The pre-delay trick that made 90s Mandopop vocals feel endless
5 min readI kept chasing that vocal sound. The one where the singer sounds like they're standing in a cathedral but you can still hear every breath. A-Mei does it. Jeff Chang does it. Basically every Mandopop ballad from the late 90s does it.
For months I was tweaking reverb tails. Longer decay, shorter decay, more high-frequency damping, less. Nothing worked. The vocals either sounded washed out or too dry — never that in-between where the voice feels open and spacious but still intimate.
The thing I was ignoring
Pre-delay. That's it. The gap between the dry vocal and when the reverb starts.
I'd always left it at the default — usually 0ms or whatever the plugin ships with. I didn't think it mattered. But when I started A/B-ing my covers against the reference tracks, the difference was obvious: the originals had a gap. The reverb didn't start immediately. There was a breath of silence.
What the pre-delay actually does
When you set pre-delay to something like 60–100ms, the dry vocal plays completely clean for that window. Then the reverb kicks in. Your ear hears the clarity of the close-mic'd voice first, and the space second.
Without pre-delay, the reverb smears into the transients. The "s" sounds get blurry. The breath before a phrase disappears into wash. With it, you get both: presence and depth.

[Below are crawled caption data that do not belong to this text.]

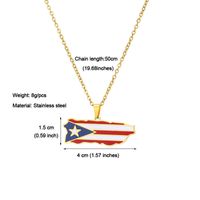 Ethnic Style Modern Style Classic Style Map 201 Stainless Steel 304 Stainless Steel Enamel Plating 18K Gold Plated Unisex Pendant Necklace main image 3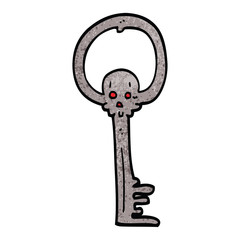 cartoon doodle spooky skull key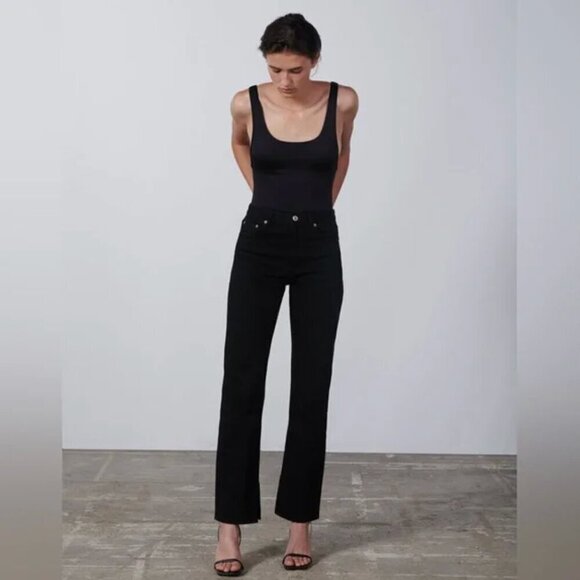 Zara Women Jeans 6 Black The 90’s Slim with Split Hem High Rise Western Grunge - Picture 2 of 10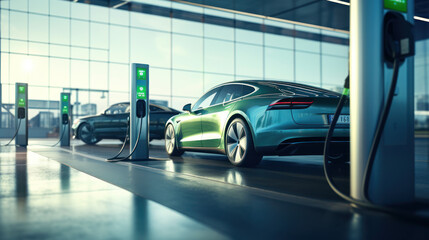 Obraz premium Electrical vehicle parked at the charging station. 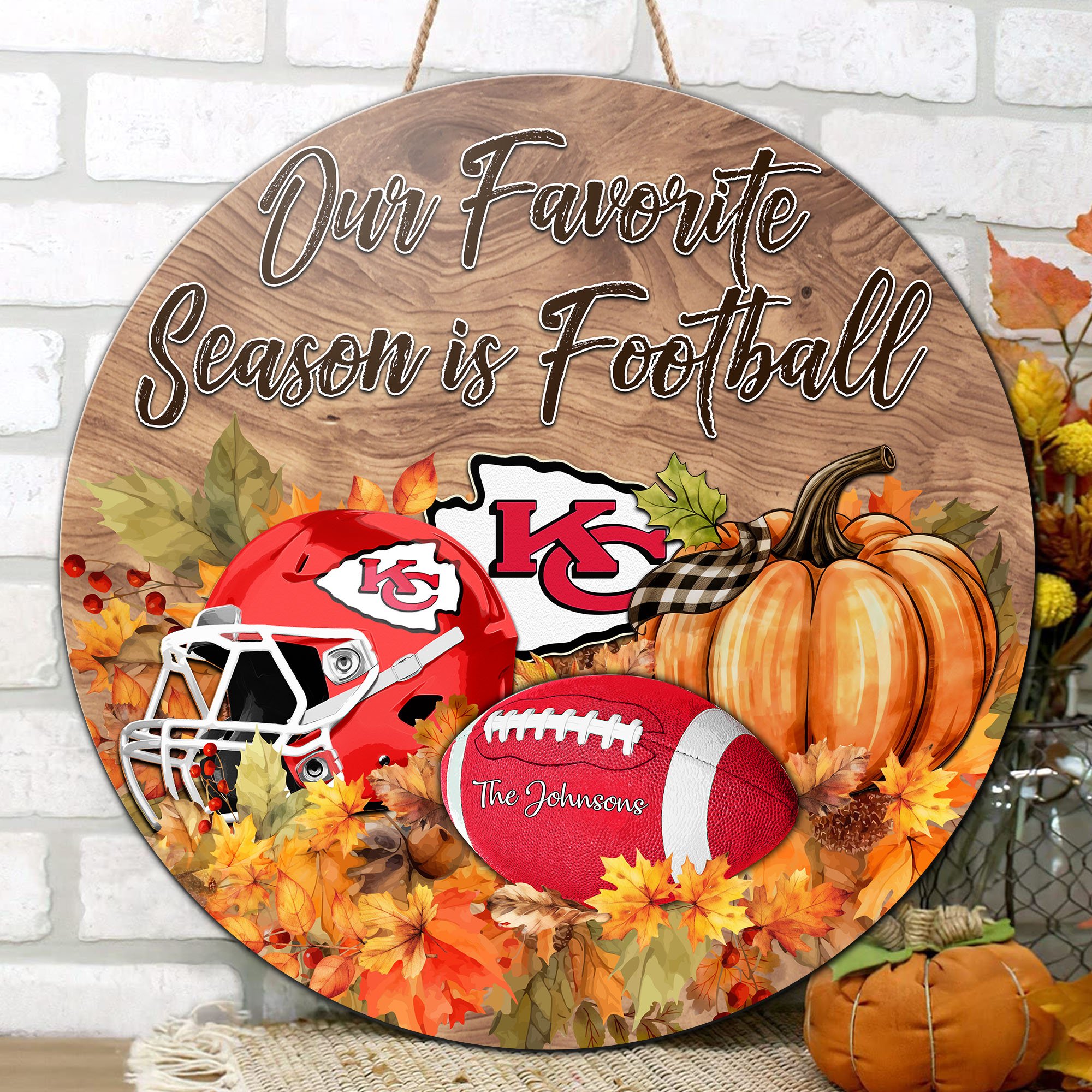 Alternative view of Kansas City Chiefs Shape Wooden Sign Custom Your Family Name And Choose Your Quotes, Sport Sign EHIVM-05172272N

The range I kept coming back to
After testing on probably 30 different vocal takes across different songs:
- 60–80ms for intimate ballads (think Jeff Chang's lower register)
- 80–120ms for bigger, more dramatic vocal moments (A-Mei belting)
- 40–60ms for faster-paced songs where you still want some space
The reverb itself matters less than I expected. A basic hall or plate with the right pre-delay sounds better than an expensive convolution reverb with no gap.
The second thing: decay time
Once I got the pre-delay right, I realized my decay times were too long. The 90s Mandopop records I was referencing used shorter tails than I expected — around 1.5–2.5 seconds for most ballads. Not the 4+ seconds I was using.
The combination of generous pre-delay and moderate decay creates that effect: the voice floats, but it doesn't drown.
What I do now
My default vocal reverb chain for Mandopop-style ballads:
- Pre-delay: 80ms
- Decay: 2.0s
- High-frequency damping: moderate (rolling off above 6–8kHz)
- Mix: 18–25% wet
I start there and adjust. The pre-delay is the thing I change last — it's usually right in that range.
This one took me embarrassingly long to figure out. The information is out there if you search for it, but none of the tutorials I watched connected it specifically to why old Mandopop vocals sound the way they do. It's not complicated. It's just a parameter I'd been ignoring.